Environnement – L’Afrique au banc d’essai : au Bénin, Sandra Idossou milite pour l’interdiction des sacs plastique
Face à la prolifération des sacs plastique en Afrique, la Béninoise Sandra Idossou mène une campagne pour tenter de les interdire dans son pays et continue à appeler le gouvernement à faire appliquer la loi.
Développement et défense de l’environnement : où en est l’Afrique ?
Notre continent fait désormais partie intégrante du mouvement planétaire visant à imposer un modèle de développement plus propre et plus vertueux. Quels sont ses atouts ? Et ses faiblesses ?
En mai 2019, la Tanzanie est devenue le 34e pays africain à bannir l’usage des sacs en plastique à usage unique. Utilisés puis jetés, les sacs jonchent les rues et les terres agricoles, polluent les rivières, empoisonnent le bétail. Non recyclables, ils sont souvent brûlés, ce qui libère dans l’atmosphère carbone, dioxines, mercure et autres perturbateurs endocriniens variés.
Malgré ces dangers identifiés, les campagnes d’interdiction découlent souvent d’initiatives individuelles, à l’instar de celle du Kényan James Wakibia, qui a bataillé sur Twitter avant d’obtenir gain de cause dans son pays. Rencontre avec Sandra Idossou, qui mène le même combat au Bénin.

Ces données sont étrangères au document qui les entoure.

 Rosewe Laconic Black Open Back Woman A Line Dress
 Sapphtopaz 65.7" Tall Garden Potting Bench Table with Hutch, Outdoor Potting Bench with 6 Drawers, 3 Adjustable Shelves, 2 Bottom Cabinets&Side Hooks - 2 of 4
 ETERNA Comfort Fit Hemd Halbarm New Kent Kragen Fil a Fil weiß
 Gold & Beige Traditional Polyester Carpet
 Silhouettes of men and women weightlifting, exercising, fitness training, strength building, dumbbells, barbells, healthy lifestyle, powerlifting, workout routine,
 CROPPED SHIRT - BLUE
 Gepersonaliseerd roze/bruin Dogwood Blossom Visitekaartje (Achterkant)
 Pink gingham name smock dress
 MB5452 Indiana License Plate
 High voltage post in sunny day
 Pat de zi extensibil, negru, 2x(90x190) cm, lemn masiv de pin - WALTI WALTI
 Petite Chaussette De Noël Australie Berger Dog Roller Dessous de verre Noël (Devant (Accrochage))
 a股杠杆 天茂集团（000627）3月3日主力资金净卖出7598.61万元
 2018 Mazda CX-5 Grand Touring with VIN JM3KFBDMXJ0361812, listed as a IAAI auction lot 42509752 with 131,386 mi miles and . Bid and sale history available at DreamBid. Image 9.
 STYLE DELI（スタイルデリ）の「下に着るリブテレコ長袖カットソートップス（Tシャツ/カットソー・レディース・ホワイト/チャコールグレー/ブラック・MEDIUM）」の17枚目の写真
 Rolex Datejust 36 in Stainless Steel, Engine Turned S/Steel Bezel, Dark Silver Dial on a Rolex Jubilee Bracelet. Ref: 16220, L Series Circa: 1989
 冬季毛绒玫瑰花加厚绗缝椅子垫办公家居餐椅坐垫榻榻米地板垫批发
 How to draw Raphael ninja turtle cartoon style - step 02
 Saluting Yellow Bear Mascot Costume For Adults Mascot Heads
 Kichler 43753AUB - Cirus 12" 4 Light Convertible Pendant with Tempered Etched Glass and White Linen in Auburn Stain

Chaque ménage béninois utilise au moins dix sacs plastique par jour
Jeune Afrique : Pourquoi avoir choisi le problème des sacs plastique en particulier ?
Sandra Idossou : J’ai longtemps travaillé hors du pays et quand je suis revenue, je me suis retrouvée cernée par les sachets plastique. Chaque ménage béninois en utilise au moins dix par jour. Et nous sommes 11 millions… On les jette après usage, et ça détruit les sols.
Conséquence : il faut utiliser de plus en plus d’engrais chimiques. Nos lagunes et nos cours d’eau en sont infestés. Ensuite, quand il y a des inondations, les gens ne comprennent pas pourquoi les égouts débordent. Mais le pire, ce sont les enfants qui mangent des plats chauds dans ces sachets. Je ne suis pas médecin, mais il semble évident que c’est problématique.
Vous comparez souvent votre pays au Rwanda, où vous avez vécu. Pourquoi ?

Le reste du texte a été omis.